What is required » Every line of the material needs an exact copy, apart from the images.

----------

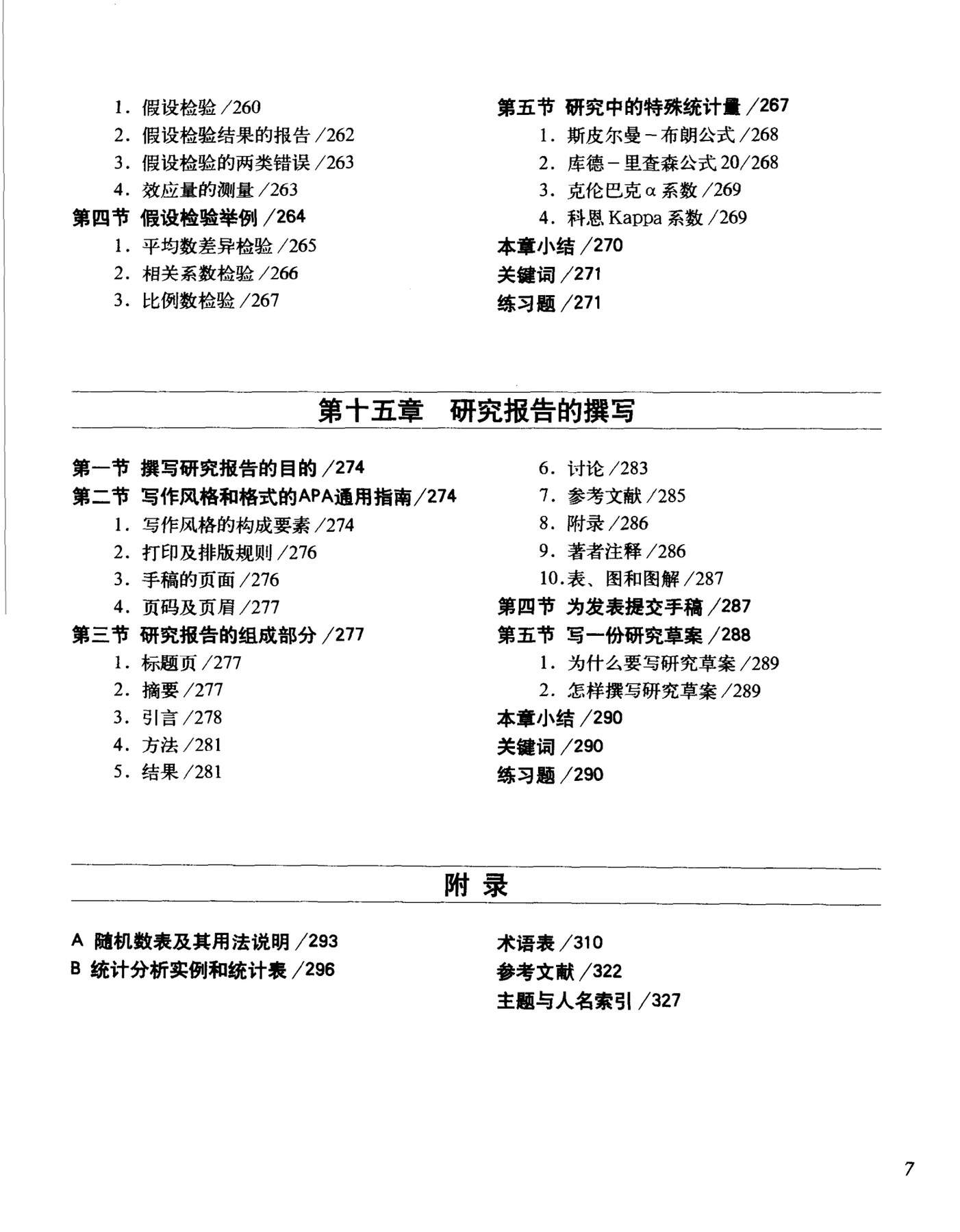 目录图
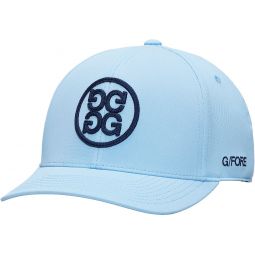 G/FORE Chainstitch Circle Gs Contrast Golf Hat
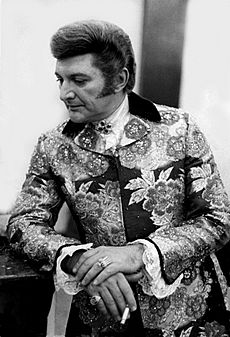 Liberace Allan Warren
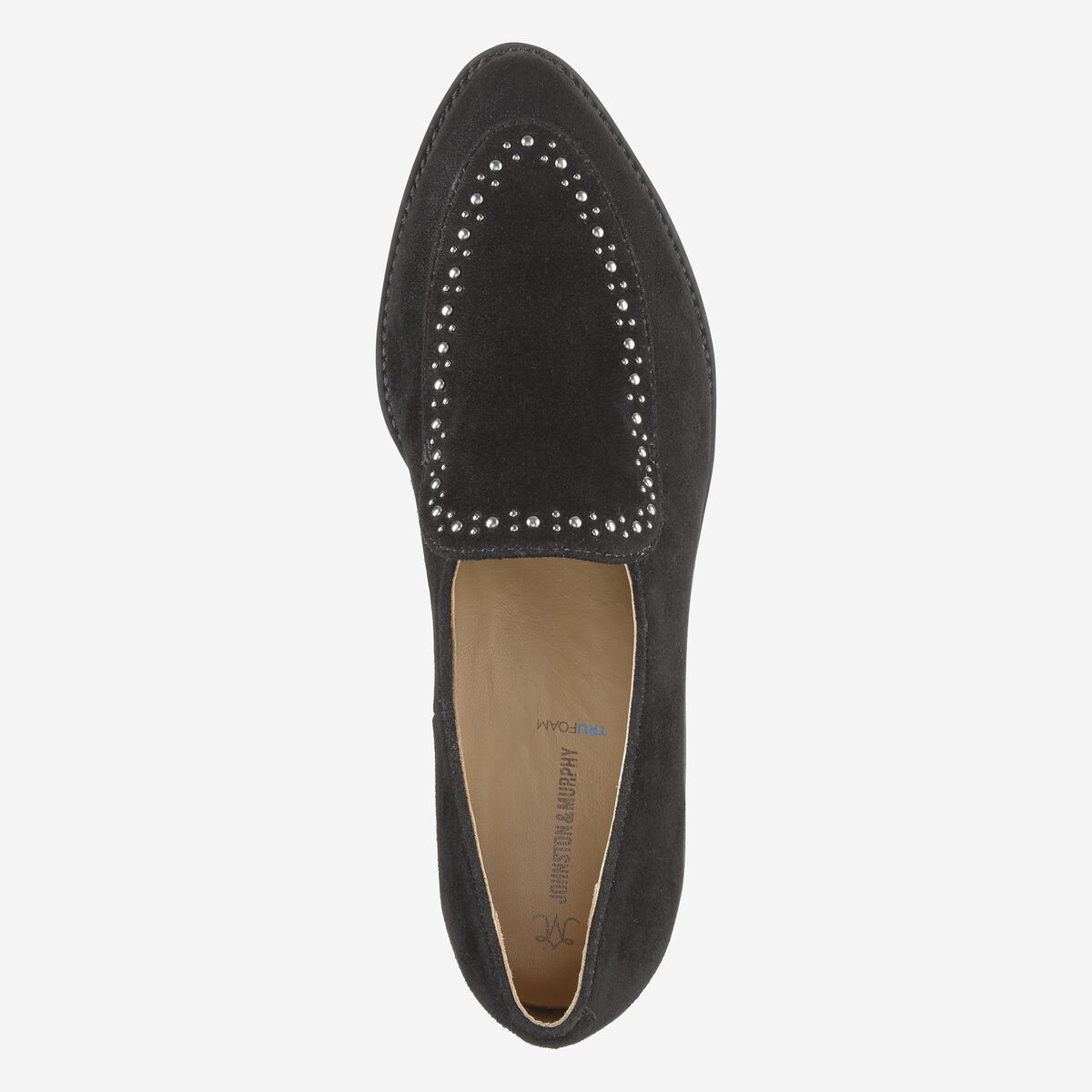 Ulyssa Studded Loafer image number null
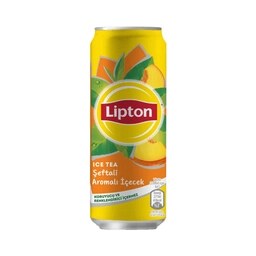 Lipton Ice Tea Şeftali Aromalı Soğuk Çay  330 ml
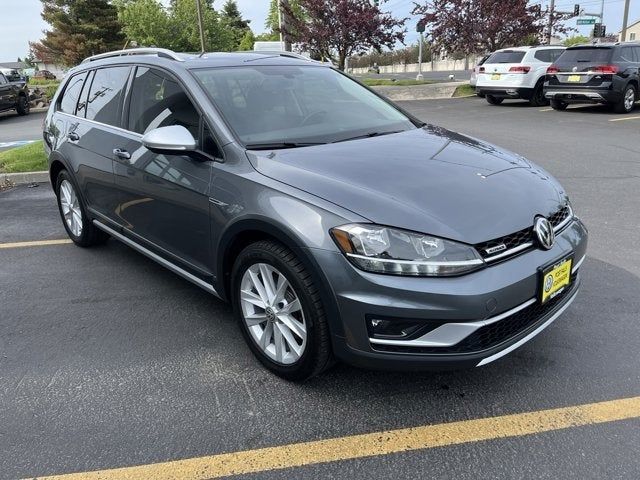 2019 Volkswagen Golf Alltrack 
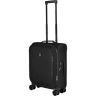 Чемодан VICTORINOX CROSSLIGHT GLOBAL SOFTSIDE CARRY-ON черный 612417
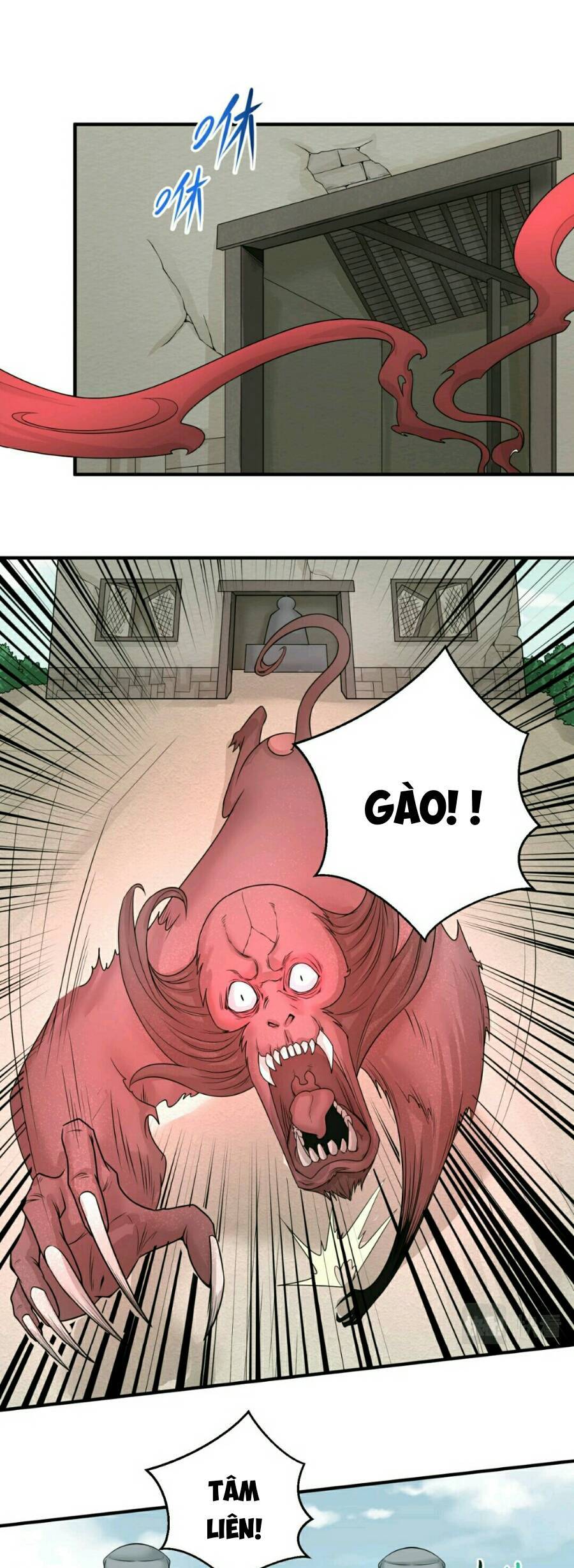 Kỷ Nguyên Kỳ Lạ Chap 49 - Next Chap 50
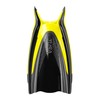 TUSA HyFlex System Switch Fin Blade Set, Flash Yellow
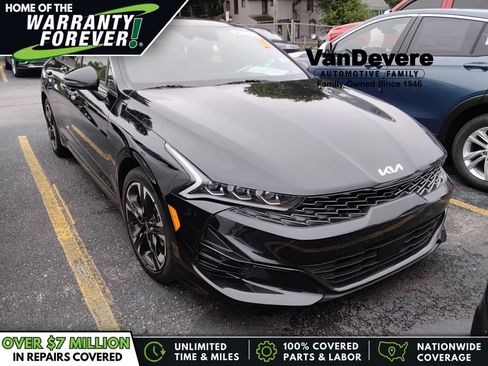 Used 2023 Kia K5 GT-Line FWD image 1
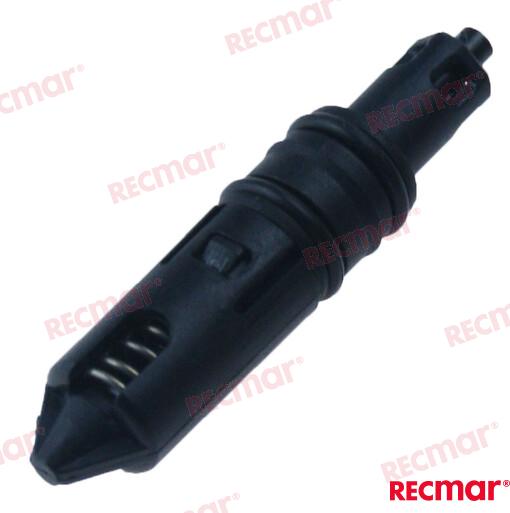 Oil valve for reducer OEM: Mercruiser: 18920A1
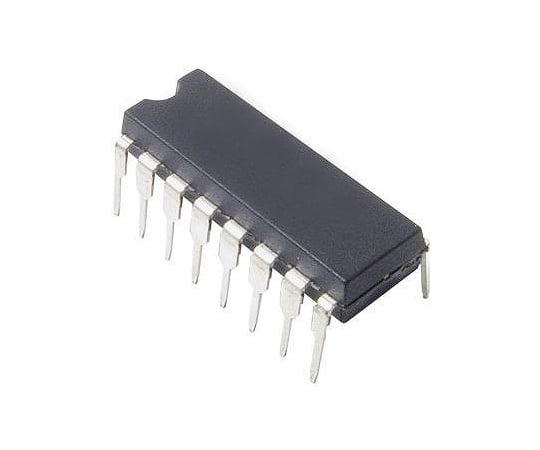 CMOS　BCD-to-10進デコーダ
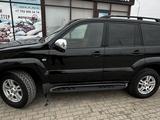 Toyota Land Cruiser Prado 2007 года за 10 100 000 тг. в Атырау – фото 3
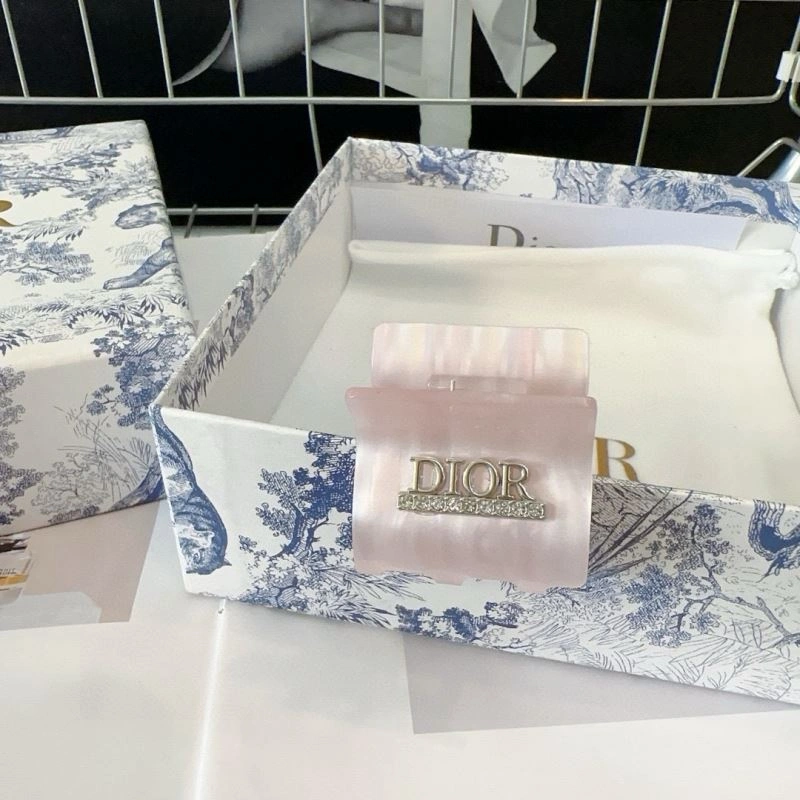 Upgraded Christian Dior Hair Hoop 264304
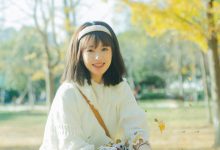 [YITUYU艺图语]2022.09.25 我觉得秋天好像要来了 睡饱了吗[33+1P／353MB]-爱图屋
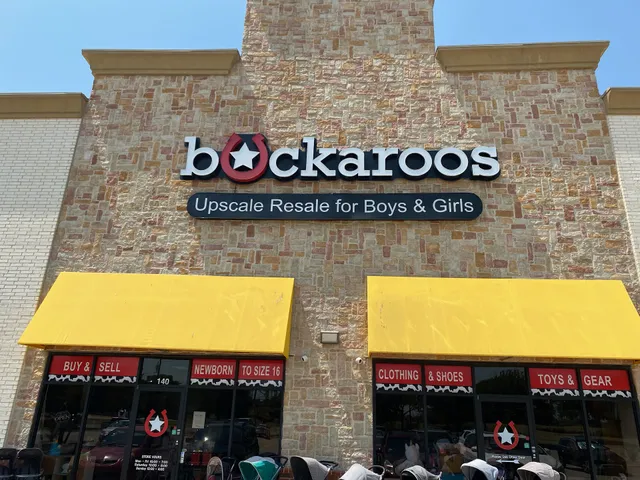 Buckaroos Upscale Resale for Boys and Girls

----------

Solution to this exercise »
 目录图
 G/FORE Chainstitch Circle Gs Contrast Golf Hat
 Liberace Allan Warren
 Ulyssa Studded Loafer image number null
 Lipton Ice Tea Şeftali Aromalı Soğuk Çay  330 ml
 2019 Volkswagen Golf Alltrack 
 Чемодан VICTORINOX CROSSLIGHT GLOBAL SOFTSIDE CARRY-ON черный 612417
 Kỷ Nguyên Kỳ Lạ Chap 49 - Next Chap 50
 TUSA HyFlex System Switch Fin Blade Set, Flash Yellow
 Used 2023 Kia K5 GT-Line FWD image 1
 Oil valve for reducer OEM: Mercruiser: 18920A1
 CMOS　BCD-to-10進デコーダ
 Toyota Land Cruiser Prado 2007 года за 10 100 000 тг. в Атырау – фото 3
 Upgraded Christian Dior Hair Hoop 264304
 [YITUYU艺图语]2022.09.25 我觉得秋天好像要来了 睡饱了吗[33+1P／353MB]-爱图屋
 Buckaroos Upscale Resale for Boys and Girls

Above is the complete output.